Acessar informações ficará mais fácil, rápido e intuitivo, criar textos e imagens agora só precisará de poucos comandos de linguagem natural. É o tipo de evolução tecnológica que deixa todos empolgados.
Bem, se estivéssemos em 2005, talvez isso fosse verdade. Mas em 2024 não é bem isso que aconteceu. Essas novidades estão sendo recebidas com críticas pesadas, a ponto de serem até mesmo canceladas.
Pô, a gente costumava ficar empolgado com coisas assim. Então como chegamos até aqui? De onde vem toda essa desconfIAnça? (viu o que eu fiz? hehe).
Para achar as respostas, primeiro vamos voltar 200 anos no tempo.
A falta de confiança nas Big Techs
O movimento ludita aconteceu no início do século XIX e tinha como objetivo protestar contra a adoção de máquinas na indústria têxtil. Os luditas se coordenavam para invadir fábricas e quebrar máquinas, sob o pretexto de que elas estariam roubando seus empregos.
O termo ludita acabou virando sinônimo de pessoas que são contra novidades tecnológicas, geralmente usado com uma conotação negativa. Afinal, quem é contra o progresso é contra a economia, etc.
Obviamente, não é tão simples assim.
Em seu livro “Blood in the Machine (sangue na máquina): as origens da rebelião contra as big techs”, o autor Brian Merchant traça um paralelo entre o início do século XIX e hoje.
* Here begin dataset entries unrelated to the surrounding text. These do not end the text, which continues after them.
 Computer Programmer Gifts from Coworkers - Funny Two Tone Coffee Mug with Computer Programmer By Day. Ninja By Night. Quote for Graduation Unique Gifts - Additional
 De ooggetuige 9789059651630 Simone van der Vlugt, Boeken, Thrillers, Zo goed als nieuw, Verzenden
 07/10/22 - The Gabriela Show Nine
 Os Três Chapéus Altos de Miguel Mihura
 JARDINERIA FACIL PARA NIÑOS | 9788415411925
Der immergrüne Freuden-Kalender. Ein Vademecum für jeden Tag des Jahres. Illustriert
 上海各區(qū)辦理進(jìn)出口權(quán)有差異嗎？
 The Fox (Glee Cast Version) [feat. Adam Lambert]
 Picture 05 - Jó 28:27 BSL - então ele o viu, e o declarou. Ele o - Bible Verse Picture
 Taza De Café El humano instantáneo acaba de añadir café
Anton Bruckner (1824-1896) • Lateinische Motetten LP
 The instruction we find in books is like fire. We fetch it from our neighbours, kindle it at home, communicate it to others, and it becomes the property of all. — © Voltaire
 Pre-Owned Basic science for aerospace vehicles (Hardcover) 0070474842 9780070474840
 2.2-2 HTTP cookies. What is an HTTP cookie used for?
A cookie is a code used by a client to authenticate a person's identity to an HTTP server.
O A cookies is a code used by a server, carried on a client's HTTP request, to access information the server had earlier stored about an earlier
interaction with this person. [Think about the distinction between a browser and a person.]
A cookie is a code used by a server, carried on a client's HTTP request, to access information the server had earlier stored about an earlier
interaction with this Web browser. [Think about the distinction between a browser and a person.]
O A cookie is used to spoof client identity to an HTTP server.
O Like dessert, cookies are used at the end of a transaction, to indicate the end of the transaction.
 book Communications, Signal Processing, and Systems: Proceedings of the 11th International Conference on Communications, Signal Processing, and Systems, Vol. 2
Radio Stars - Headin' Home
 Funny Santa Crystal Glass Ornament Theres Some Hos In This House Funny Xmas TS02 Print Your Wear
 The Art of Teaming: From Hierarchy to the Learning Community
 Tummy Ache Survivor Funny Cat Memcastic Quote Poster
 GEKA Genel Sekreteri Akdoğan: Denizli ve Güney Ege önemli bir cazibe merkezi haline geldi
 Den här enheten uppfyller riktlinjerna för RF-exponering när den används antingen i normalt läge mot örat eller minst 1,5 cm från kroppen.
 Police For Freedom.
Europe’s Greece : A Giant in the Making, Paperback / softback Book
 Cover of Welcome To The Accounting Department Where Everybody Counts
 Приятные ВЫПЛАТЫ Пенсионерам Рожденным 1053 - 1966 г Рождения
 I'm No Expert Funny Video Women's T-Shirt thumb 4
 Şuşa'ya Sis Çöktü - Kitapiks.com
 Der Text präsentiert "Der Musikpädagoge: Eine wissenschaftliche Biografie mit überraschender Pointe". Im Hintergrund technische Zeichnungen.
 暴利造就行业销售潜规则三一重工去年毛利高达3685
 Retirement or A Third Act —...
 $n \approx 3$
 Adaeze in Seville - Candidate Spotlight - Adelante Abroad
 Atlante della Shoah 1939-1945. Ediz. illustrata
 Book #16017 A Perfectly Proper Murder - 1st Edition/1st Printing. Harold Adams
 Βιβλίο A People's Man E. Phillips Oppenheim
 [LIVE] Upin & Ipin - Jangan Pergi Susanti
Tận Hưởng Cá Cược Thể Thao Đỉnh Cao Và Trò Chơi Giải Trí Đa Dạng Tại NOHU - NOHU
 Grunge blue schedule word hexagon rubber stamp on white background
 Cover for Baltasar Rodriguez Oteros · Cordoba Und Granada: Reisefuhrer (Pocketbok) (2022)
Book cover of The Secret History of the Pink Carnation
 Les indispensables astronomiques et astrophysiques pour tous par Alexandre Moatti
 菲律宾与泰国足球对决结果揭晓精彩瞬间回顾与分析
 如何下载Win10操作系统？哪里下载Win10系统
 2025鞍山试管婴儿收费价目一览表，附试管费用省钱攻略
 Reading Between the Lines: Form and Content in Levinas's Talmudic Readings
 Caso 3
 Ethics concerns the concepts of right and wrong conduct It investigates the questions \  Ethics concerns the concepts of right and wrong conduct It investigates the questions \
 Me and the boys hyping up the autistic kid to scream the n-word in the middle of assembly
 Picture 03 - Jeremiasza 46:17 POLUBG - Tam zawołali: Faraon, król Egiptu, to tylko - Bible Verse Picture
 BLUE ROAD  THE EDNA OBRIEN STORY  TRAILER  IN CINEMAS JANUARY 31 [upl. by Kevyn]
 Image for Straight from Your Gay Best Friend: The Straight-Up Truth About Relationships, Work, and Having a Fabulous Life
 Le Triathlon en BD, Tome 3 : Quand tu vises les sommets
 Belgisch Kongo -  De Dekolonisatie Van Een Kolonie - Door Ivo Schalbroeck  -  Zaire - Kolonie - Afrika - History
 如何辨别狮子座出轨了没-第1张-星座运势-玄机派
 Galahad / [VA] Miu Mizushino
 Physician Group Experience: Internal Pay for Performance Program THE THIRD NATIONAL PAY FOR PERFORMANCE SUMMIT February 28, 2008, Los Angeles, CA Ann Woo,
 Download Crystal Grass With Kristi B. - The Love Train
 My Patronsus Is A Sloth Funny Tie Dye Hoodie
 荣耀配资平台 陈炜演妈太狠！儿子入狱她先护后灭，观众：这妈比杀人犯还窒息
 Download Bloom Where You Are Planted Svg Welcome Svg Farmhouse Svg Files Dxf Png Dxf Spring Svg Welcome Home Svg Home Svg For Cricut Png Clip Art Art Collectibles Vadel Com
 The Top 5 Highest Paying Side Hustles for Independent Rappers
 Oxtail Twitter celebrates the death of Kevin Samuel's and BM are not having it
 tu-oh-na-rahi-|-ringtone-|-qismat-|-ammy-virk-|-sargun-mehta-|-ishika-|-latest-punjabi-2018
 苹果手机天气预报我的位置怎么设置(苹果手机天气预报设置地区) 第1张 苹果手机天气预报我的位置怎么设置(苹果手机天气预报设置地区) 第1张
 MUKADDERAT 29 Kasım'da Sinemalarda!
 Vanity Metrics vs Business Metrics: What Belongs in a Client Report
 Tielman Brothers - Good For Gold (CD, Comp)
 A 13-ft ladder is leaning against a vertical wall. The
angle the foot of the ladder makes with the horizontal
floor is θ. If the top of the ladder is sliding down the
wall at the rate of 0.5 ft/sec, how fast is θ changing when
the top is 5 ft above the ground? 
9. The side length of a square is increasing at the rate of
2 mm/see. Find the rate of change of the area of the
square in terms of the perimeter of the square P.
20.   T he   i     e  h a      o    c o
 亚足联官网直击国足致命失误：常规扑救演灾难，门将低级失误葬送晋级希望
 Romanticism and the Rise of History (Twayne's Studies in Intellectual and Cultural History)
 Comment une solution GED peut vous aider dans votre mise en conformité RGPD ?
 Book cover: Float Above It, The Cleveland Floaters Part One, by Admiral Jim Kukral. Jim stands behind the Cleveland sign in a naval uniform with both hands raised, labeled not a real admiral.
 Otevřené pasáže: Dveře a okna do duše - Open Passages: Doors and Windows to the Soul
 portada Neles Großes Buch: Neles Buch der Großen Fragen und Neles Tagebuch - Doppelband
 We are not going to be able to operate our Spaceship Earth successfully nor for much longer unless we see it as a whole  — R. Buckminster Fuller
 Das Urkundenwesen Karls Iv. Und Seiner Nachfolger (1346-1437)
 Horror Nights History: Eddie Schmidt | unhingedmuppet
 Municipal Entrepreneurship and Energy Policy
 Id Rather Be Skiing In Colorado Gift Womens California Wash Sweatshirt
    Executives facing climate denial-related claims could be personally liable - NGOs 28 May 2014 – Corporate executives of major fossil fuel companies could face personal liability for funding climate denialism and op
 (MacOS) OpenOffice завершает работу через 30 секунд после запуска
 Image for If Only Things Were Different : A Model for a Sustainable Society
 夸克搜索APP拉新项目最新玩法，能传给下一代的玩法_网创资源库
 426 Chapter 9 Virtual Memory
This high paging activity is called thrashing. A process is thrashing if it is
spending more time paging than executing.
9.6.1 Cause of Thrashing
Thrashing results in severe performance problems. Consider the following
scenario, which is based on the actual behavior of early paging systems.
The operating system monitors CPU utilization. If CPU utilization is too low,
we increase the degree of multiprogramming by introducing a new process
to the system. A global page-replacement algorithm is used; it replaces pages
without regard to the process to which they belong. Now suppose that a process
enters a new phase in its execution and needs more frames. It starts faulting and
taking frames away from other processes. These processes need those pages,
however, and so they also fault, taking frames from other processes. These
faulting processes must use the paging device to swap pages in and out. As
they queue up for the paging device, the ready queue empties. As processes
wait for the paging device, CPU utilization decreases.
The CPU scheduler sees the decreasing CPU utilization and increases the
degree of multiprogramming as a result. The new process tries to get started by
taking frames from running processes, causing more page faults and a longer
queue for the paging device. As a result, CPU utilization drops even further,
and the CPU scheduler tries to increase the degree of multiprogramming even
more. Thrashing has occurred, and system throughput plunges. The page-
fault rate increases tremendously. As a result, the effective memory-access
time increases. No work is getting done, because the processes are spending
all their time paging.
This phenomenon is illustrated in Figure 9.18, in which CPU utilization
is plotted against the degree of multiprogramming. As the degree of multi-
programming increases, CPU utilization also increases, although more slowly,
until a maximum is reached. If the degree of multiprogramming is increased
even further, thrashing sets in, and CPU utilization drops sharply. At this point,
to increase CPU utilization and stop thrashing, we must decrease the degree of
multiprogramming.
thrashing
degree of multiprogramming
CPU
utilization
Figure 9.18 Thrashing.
Ele mostra que os luditas não eram contra o avanço tecnológico em si, e que os artesãos da época abraçavam e criavam novidades, mas seus protestos eram muito mais um reflexo de como essa tecnologia era adotada e o tratamento dado aos trabalhadores.
Essa é uma distinção importante.
O “empreendedor” da época (o industrialista), viu a mecanização como uma maneira de se livrar dos trabalhadores e precarizar a vida dos que restaram, enquanto aumentava seus lucros. Ou seja, nada de direitos trabalhistas ou apoio do governo. O ludismo foi a resposta.
Fazendo um salto para os dias de hoje, a situação se repete. O progresso tecnológico está mais acelerado do que nunca e existe um culto à tecnologia que rotula qualquer questionamento ou regulamentação com, bem, Ludismo.
Apesar do livro ser focado na “economia colaborativa” (Uberização) e a precarização do trabalho, a mesma lógica pode ser aplicada à IA, que está sendo implementada de maneira acelerada, muitas vezes sem a preocupação com seus impactos.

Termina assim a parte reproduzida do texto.